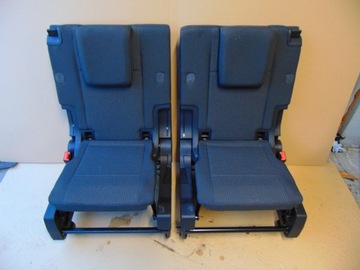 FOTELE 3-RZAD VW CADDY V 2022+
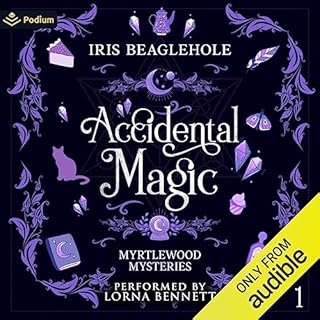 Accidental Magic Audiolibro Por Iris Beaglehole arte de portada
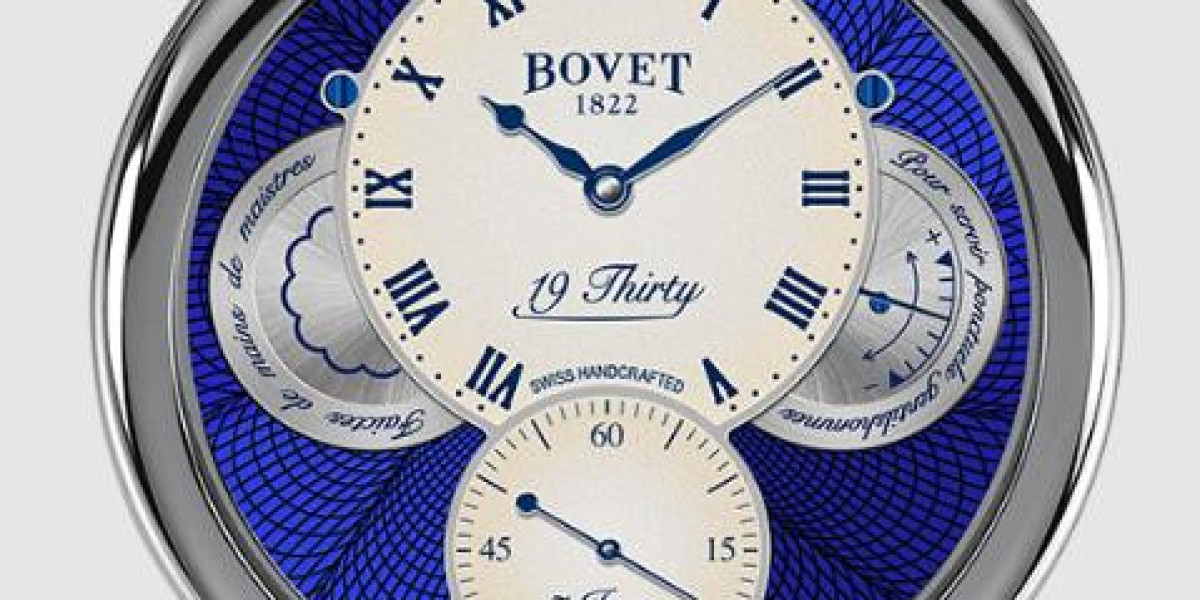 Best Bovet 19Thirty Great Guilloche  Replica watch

----

#### TASK INSTRUCTIONS
With the images removed, write out all of the material above exactly.

#### SOLUTION FOR THIS PROBLEM
 FOTELE 3-RZAD VW CADDY V 2022+
 Accidental Magic Audiolibro Por Iris Beaglehole arte de portada
 Best Bovet 19Thirty Great Guilloche  Replica watch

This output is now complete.